Ocean City Today

Tinus looks to capture house seat

By Greg Ellison | Jan 18, 2018
Courtesy of: Ed Tinus

(Jan. 19, 2018) Political outsider Ed Tinus, who announced his candidacy last February to challenge State Sen. Jim Mathias (D-38) in 2018, re-filed last month after Delegate Mary Beth Carozza (R-38C) entered the state senate race and is now focused on filling her vacated House seat.

“I don’t fit the mold of either party,” he said. “I want citizens to be engaged in political process.”

Although running as a Republican, Tinus, a master upholsterer who lives in

Whaleyville, has engaged in past political contests as an Independent and Democrat.

In 2016, Tinus ran for U.S. Senate from Maryland as a Democrat and lost the primary to Chris Van Hollen, before losing as an independent write-in candidate.
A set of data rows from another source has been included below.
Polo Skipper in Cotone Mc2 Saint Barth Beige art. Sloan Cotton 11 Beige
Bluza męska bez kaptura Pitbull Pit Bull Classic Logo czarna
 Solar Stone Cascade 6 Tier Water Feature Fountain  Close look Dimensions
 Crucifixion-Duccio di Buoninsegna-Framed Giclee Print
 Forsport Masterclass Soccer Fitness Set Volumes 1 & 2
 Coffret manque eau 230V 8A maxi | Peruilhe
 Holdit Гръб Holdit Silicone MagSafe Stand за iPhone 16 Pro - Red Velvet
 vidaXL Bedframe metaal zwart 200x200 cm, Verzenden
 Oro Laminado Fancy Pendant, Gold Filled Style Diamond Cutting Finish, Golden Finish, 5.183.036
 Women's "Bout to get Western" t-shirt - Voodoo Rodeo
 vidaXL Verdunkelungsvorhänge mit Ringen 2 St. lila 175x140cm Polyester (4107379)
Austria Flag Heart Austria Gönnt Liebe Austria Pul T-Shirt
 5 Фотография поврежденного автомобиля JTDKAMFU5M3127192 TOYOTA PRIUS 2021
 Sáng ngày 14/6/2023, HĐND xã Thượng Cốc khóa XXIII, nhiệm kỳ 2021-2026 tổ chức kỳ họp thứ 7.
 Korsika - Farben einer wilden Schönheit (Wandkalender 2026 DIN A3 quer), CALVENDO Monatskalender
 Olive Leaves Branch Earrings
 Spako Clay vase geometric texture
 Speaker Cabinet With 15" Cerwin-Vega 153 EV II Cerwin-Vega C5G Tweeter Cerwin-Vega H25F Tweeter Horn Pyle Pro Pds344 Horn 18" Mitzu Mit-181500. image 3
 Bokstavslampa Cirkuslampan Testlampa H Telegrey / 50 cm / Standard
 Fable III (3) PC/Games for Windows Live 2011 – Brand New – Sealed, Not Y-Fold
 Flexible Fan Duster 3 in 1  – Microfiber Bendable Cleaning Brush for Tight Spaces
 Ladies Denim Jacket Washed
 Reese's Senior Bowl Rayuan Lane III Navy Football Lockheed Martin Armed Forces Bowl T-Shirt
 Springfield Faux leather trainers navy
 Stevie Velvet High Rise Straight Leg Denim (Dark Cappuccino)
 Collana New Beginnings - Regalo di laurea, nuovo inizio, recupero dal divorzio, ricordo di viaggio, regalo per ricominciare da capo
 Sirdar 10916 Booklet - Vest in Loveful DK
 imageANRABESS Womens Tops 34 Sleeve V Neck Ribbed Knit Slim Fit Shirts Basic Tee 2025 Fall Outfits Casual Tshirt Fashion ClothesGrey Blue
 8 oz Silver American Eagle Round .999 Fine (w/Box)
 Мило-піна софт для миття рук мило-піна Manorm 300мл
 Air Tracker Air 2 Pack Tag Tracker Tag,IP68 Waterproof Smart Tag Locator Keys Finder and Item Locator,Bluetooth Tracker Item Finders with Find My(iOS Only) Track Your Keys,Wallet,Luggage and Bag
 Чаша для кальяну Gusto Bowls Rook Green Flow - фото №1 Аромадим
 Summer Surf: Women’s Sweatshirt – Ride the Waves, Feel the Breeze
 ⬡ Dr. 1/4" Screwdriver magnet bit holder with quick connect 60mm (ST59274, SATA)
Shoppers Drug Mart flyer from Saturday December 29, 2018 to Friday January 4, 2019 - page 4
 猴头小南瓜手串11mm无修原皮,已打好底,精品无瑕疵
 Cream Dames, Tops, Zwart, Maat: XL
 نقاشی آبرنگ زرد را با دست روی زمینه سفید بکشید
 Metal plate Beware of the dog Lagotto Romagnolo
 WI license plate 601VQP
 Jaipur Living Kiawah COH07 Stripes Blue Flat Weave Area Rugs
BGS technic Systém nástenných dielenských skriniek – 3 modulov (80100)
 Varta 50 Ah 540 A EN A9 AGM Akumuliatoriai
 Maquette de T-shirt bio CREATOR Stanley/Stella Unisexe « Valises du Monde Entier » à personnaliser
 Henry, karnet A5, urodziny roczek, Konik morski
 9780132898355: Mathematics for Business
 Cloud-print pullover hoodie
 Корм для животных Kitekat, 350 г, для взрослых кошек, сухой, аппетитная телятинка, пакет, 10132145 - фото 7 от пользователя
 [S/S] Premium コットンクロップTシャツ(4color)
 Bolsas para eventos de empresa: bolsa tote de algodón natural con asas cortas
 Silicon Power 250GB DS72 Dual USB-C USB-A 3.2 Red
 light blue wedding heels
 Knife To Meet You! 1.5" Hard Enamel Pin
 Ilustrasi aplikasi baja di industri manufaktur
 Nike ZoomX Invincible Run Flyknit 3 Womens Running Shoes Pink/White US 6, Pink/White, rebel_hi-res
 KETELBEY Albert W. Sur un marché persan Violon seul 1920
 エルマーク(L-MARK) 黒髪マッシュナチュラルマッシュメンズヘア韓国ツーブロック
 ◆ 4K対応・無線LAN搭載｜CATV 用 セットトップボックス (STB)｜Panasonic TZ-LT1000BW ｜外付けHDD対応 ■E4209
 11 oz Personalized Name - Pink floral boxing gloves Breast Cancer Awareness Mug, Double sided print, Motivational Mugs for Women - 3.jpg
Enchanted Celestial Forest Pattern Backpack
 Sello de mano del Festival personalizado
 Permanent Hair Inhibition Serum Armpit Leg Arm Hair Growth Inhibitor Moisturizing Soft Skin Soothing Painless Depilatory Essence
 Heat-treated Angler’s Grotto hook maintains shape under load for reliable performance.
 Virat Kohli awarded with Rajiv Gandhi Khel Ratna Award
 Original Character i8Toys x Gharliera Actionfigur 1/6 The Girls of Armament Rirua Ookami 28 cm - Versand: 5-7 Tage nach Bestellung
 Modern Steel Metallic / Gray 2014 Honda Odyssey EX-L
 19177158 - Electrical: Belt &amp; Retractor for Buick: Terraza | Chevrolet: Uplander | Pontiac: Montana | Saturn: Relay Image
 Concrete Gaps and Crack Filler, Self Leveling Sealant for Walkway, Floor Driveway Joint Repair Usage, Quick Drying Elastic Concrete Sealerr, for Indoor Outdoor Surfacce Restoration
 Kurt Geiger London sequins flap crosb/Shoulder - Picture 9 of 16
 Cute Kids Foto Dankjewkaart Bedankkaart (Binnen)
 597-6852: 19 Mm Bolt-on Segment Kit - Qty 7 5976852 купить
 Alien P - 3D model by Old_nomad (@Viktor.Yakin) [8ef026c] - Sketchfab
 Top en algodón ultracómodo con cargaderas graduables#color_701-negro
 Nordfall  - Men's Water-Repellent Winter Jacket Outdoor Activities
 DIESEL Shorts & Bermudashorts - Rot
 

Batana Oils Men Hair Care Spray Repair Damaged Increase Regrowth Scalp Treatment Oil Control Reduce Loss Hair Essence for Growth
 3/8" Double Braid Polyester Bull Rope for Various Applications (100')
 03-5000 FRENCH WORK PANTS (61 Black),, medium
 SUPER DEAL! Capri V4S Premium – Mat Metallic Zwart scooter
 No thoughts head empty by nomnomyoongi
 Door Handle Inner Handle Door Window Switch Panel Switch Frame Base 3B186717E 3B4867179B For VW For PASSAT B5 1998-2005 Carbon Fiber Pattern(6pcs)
In 2012, the outcome was the same when he challenged incumbent Sen. Ben Cardin.

The western shore native who moved across the bay nearly a quarter century ago, said he “got his feet wet” working for Baltimore city under then Mayor William Donald Schaefer.

“I gained insights on how the ‘good old boys’ worked,” he said. “While working for the City of Baltimore, I saw examples of ‘creative-financing,’ and learned what political parties traditionally do for pre-selected candidates.”

Tinus wants to use technology, specifically an “Ed app,” to engage the public with the legislative process to foster “direct Democracy.”

“The Ed app would expose a bill to volunteers to read and red flag issues that don’t suit us,” he said.

Simplified legislation in the form of single-subject bills, written for ease of comprehension, is what Tinus envisions.

“The content in bills is too much to digest,” he said.

Tinus said the electorate should be allowed further input to regulate government activities.

“It’s our tax money; we should have a say in how it’s spent,” he said. “We need methods to give people a chance to vote on each bill.”

Under the proposed Ed app, Tinus said voters in District 38C would experience total transparency with an opt out option for “one-size-fits-all,” legislation.

“Even if it passes the General Assembly, it would not be law here in this district,” he said. “My question is if you want to vote with me?”

Tinus admits the concept of providing citizens that kind of conduit into lawmaking might be denounced by the political parties.

“Lobbying groups won’t be able to approach me,” he said. “When my term is over, my bank account will show what I got paid through the … state of Maryland and nothing more.”

Tinus currently faces two challenges for the Republican nomination after James Shaffer filed on Jan. 8 and Joe Schanno joined the group last Friday. City Councilman Wayne Hartman also has declared his intention to run. The filing deadline is Feb. 27, with primary elections on June 28. The general election will be on Nov. 6.